Week of December 12
December 11, 1875 – 150 YEARS AGO
Rockland County Journal
AROUND HOME
☞ Joseph Smith, an umbrella tinker, was arrested by Hubbell on Wednesday evening for being drunk and disorderly. On Thursday morning Judge Stephens sent him up for ten days.
☞ Will the owner of the lot on DePew Avenue east of Mr. Elting’s make those ornamental flagstones thereon useful by laying them down so that the public shall not have to walk through liquid mud?”
☞ If “Cornelius is disgusted with Nyack” what in the world does Martin Knapp (Broadaxe) think of it as a village?—Messenger. Martin lives here and that is more than he could do in Haverstraw.
☞ Grand preparations for the holidays at Clarksville. Capt. Abe Knapp is to have a big shooting-match at his place, on Christmas day and a Grand Social Hop on Friday evening, 31st inst., New Year’s Eve.
☞ The Parsonage Guild of the M. E. church. of Spring Valley, will give a Musical and literary Entertainment in the church, on Friday evening, 17th inst., for the benefit of the church. It will be worth attending. Admission twenty-five cents.
☞ A colt owned by A. B. Conger and valued at $1500, became frightened at the ferryboat bell, on the 11.30 boat, on Monday morning, and managed to throw himself into the river. He was towed out by some boys, dried off, blanketed, given a drink of brandy, and in the afternoon started across the river again.
BURIED IN A WELL
About four o’clock on Friday afternoon lost, while a man named George Baker was engaged in stoning up a well on the premises of Rev. James Quinn, in the village of Suffern, the bank above him caved in and buried the unfortunate man to the depth of twelve feet, the well, being about forty feet deep. Intelligence of the catastrophe spread rapidly, and many willing hands set to work to save, if possible, the entombed man’s life. The earth, being of a gravelly nature, continued to fall in until a crib was erected, which was soon smashed hy another cave of earth. A seeded crib was erected which withstood the pressure, and at twelve o’clock on Sunday night the workmen reached the object of their search, who was found in a standing position and not badly bruised leaving the inference that Mr. Baker must have met his death by suffocation. The deceased was thirty years of age
December 12, 1925 – 100 YEARS AGO
Pearl River News
WHEN WIFE WAS ACQUITTED ON CHARGE OF ASSAULT ON SISTER, HUSBAND TURNS ON SPOUSE
As a result of a family row that broke out between the female members of the Smith family of West Haverstraw when Katie Smith had her sister-in-law, Elizabeth, arrested for assault which was alleged was committed while the two were on the White Row in West Haverstraw which was not supported Monday night in the hearing before Judge Larkin, the assault charge being uncorroborated and being as the Justice saw it without substantial foundation, Mrs. Smith was discharged but immediately re-arrested on the complaint of her husband, Joseph, who alleged his wife was a bigamist in having married him on October 31st, 1925 while she was still the wife of George Lee of Haverstraw whom she married in 1923 and from whom she had never been divorced.

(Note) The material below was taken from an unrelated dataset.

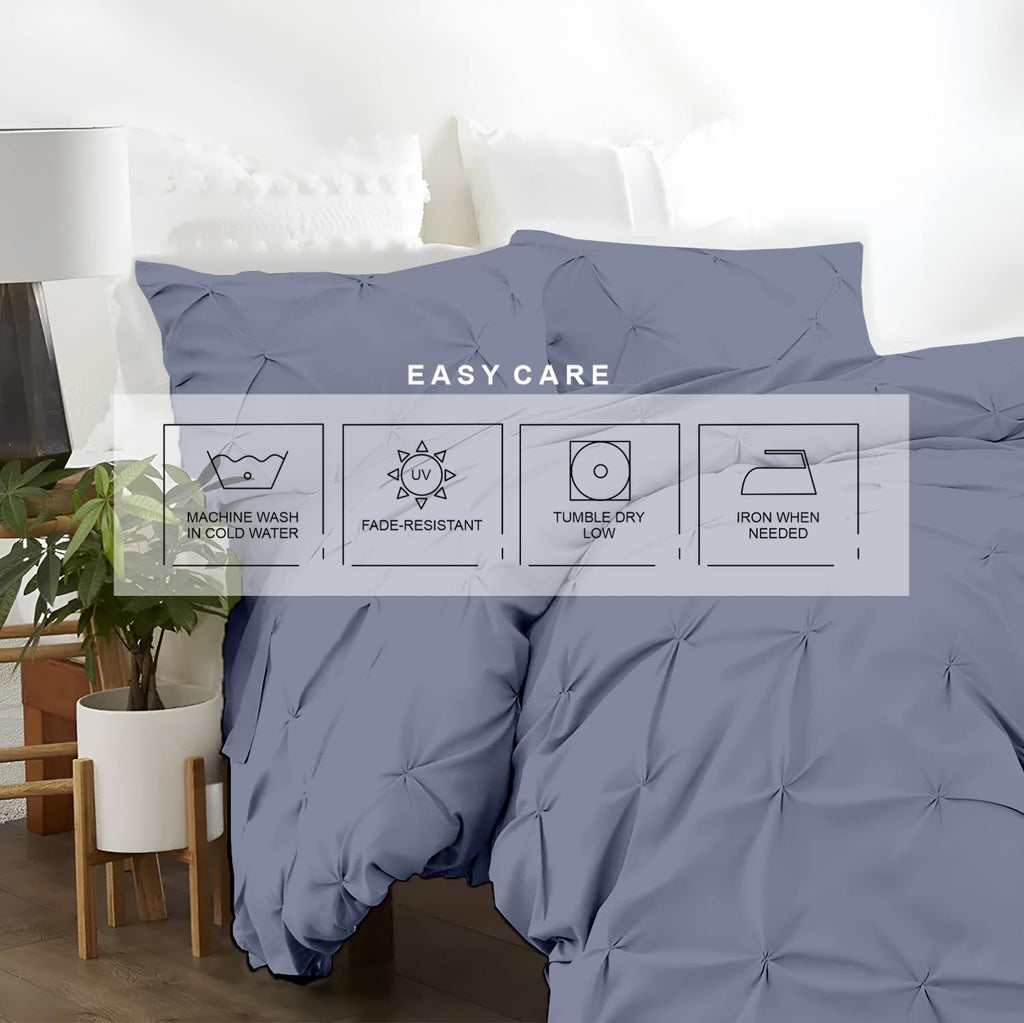 1 Pc King Size Pinch Pleated - Pintuck Duvet Cover Only- 100% Egyptian Cotton 600 TC Decorative Comforter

The unexpected declaration of the husband and his positive charge with supported proof that his wife, who was Miss Elizabeth Stalter, daughter of Mr. and Mrs. Banghart Stalter before her first marriage, came as a dramatic climax to the domestic brawl that was started by the women at their Samsondale Avenue encounter.
The new startling and unexpected charge made by the husband who was presumed to have hardly recovered from the honeymoon stage rather surprised the joyful defendant following her acquittal by Judge Larkin so that she was temporarily unable to meet the accusation making only a halfhearted denial to the charge of the husband who apparently was with his sister in the domestic disturbance.

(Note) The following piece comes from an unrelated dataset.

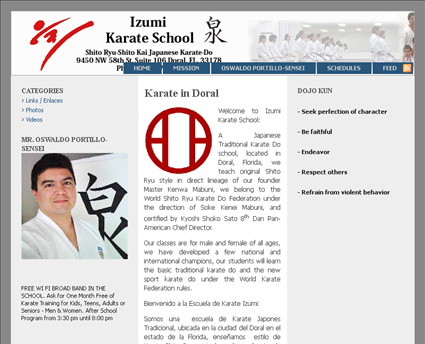 Izumi Karate School web screenshot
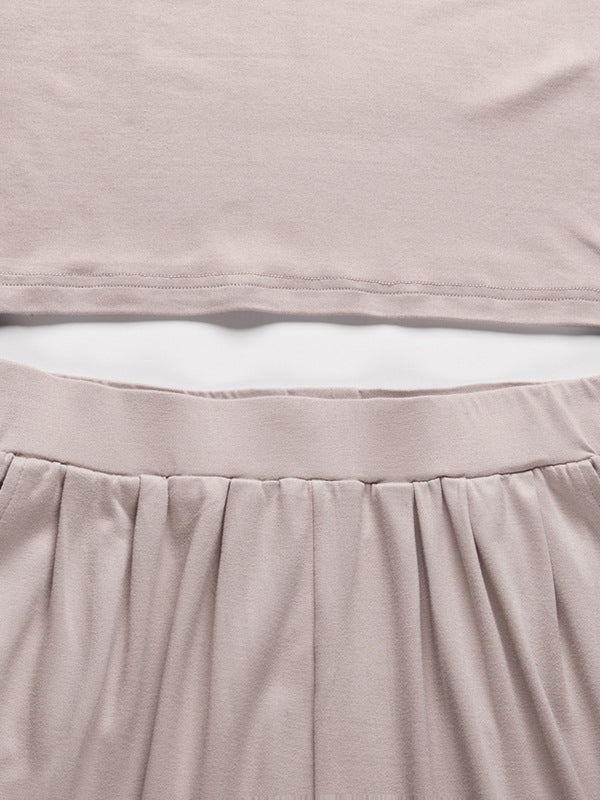 Simple Solid Color T-Shirt & Pants Two Pieces Set - Image 28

As a result, the charge being a felony one and no hearing desired, there was only one recourse left to the Justice and that was to hold Mrs. Smith in $100 bail for her appearance before the Grand Jury now in session at New City. The young woman’s father furnished cash bail of $100. to prevent his daughter’s being locked up in New City to await the determination of a Grand Jury inquisition.
December 12, 1975 – 50 YEARS AGO
The Journal News
TAXI ON THE LOOSE ROLLS INTO LAKE
[Image: Taxi cab lays submerged in Lake Suzanne as driver Bela Szatmari, right, looks on. Journal News Staff photo by Mark Abusamra]
A Spring Valley man left his taxicab this morning after starting the engine and returned moments later to find the vehicle in a nearby lake half under water.
Bela Szatmari, who owns the cab which he drives in New York City, started his motor this morning at about 7:30 a.m. and then went inside his home briefly.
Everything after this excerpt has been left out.